__Exercise directions__.
Look over the data below and give the number of lines containing the word "Hotel", with no other words.

__Input__.
☆ ☆ ☆ ☆ ☆

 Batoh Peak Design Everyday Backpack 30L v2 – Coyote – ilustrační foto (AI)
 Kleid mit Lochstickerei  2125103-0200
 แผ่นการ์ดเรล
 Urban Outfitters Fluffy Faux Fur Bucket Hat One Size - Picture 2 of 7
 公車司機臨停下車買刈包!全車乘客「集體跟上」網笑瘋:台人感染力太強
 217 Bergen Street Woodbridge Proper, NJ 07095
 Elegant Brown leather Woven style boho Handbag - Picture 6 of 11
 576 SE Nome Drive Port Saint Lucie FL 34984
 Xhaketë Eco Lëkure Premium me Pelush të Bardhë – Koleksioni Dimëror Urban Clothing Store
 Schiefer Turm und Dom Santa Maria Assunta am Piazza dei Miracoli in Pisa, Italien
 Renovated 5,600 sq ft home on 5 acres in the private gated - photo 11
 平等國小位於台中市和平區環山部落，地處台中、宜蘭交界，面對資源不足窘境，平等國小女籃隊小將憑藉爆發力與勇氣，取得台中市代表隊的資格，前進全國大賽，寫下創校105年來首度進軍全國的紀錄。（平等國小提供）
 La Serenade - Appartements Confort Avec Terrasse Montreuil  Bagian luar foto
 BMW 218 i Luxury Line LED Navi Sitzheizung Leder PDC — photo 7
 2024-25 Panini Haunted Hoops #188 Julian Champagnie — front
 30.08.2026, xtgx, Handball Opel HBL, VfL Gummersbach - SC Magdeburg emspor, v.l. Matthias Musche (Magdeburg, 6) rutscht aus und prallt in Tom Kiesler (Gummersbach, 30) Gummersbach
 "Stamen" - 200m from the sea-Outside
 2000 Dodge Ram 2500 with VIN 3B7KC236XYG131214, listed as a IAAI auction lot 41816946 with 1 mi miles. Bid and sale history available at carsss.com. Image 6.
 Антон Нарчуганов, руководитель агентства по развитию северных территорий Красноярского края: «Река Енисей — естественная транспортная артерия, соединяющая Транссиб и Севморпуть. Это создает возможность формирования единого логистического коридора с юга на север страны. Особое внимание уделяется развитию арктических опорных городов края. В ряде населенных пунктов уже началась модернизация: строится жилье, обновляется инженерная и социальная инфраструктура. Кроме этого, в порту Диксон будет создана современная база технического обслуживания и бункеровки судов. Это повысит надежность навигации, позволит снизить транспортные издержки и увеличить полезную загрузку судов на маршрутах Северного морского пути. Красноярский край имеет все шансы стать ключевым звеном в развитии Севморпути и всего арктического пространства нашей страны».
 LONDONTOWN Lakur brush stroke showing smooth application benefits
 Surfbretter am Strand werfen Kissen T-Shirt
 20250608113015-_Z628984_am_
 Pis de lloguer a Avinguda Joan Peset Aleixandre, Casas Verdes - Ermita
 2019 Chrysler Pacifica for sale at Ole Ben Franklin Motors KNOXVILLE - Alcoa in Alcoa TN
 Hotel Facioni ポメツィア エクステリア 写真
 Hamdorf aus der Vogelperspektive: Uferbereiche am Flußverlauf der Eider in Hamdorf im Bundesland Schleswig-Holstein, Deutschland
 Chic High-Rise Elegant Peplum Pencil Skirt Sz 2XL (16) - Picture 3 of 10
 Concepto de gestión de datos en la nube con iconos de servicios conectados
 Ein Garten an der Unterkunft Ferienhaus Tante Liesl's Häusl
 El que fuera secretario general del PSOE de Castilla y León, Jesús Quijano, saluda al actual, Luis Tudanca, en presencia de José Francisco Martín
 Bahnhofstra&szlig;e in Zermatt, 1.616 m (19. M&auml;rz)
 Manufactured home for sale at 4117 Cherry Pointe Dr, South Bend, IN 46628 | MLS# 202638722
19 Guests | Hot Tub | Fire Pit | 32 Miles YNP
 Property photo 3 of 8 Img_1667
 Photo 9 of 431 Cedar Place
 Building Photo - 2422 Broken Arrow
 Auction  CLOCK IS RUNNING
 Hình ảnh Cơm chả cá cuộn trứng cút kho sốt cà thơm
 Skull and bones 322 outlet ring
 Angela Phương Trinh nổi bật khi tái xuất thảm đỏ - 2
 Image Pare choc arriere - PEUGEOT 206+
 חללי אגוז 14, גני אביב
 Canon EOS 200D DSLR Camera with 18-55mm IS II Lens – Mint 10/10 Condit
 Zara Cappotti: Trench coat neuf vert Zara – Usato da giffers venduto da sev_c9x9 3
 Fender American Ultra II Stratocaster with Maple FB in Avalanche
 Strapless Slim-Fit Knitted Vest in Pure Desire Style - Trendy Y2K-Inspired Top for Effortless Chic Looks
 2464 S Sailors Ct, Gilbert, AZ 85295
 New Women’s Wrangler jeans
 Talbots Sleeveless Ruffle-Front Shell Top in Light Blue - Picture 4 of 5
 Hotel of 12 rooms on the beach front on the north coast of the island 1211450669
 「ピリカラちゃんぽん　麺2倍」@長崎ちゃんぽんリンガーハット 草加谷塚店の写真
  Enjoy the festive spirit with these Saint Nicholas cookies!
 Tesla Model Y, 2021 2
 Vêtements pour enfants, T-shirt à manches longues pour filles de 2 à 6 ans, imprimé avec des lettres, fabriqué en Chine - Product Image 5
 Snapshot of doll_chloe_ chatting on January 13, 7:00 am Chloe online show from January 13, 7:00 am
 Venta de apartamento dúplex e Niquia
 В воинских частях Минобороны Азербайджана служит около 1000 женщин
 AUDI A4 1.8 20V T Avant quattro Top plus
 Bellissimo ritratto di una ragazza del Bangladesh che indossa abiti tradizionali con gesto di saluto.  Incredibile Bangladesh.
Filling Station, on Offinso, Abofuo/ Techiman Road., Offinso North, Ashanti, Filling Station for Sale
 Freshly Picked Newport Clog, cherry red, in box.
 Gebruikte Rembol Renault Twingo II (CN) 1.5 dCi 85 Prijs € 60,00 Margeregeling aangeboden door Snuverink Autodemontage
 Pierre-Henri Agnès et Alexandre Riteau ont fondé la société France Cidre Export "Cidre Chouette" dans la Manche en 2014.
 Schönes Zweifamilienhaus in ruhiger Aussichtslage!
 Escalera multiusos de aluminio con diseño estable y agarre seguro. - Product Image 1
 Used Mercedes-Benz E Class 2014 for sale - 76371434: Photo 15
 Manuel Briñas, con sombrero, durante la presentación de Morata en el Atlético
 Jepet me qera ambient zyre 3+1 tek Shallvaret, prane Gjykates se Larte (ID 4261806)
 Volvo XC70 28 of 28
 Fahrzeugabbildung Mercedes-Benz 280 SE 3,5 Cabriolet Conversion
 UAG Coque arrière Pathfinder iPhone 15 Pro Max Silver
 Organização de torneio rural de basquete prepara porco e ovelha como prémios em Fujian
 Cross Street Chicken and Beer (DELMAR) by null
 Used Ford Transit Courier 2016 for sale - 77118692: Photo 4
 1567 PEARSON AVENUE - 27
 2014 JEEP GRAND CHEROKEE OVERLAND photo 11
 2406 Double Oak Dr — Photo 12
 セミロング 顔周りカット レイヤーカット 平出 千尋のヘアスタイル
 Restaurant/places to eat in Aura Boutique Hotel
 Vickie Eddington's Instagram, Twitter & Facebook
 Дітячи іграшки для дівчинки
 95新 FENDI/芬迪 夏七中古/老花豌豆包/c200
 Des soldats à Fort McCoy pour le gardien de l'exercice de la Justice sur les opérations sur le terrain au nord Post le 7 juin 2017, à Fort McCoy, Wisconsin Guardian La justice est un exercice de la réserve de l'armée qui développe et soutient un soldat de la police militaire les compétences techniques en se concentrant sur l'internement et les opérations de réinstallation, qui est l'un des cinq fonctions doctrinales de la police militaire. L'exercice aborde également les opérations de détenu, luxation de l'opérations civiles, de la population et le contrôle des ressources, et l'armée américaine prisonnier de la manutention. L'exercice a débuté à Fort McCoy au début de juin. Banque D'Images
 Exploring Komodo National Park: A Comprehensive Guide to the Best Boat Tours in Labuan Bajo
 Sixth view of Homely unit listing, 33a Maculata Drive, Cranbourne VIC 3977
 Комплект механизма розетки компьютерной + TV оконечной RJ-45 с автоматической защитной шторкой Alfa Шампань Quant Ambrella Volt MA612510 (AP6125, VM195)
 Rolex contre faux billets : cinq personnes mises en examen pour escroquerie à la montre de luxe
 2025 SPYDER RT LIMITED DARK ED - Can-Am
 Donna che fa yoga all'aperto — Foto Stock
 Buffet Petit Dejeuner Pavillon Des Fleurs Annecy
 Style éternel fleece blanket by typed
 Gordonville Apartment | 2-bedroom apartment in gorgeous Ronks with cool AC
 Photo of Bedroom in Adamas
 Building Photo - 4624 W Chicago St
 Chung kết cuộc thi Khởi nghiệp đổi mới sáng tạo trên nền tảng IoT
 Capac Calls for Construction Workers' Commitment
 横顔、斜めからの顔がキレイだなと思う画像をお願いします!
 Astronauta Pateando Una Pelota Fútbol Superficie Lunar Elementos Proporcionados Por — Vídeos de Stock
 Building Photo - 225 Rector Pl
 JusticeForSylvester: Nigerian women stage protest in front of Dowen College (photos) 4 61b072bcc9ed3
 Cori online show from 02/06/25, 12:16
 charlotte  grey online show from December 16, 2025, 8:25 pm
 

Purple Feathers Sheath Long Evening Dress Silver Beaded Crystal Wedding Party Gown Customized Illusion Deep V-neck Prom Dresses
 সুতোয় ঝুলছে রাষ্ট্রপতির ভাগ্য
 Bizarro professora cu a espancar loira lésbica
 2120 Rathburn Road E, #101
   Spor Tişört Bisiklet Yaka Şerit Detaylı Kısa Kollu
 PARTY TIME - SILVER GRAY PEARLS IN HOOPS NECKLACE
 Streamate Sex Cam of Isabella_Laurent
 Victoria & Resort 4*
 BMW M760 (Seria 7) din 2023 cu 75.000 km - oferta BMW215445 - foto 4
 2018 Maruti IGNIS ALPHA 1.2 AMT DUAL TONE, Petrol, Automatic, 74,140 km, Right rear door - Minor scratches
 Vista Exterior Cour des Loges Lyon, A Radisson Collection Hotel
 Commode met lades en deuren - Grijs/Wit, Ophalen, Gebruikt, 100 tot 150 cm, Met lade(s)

☆ ☆ ☆ ☆ ☆

__Solution to the problem__.
4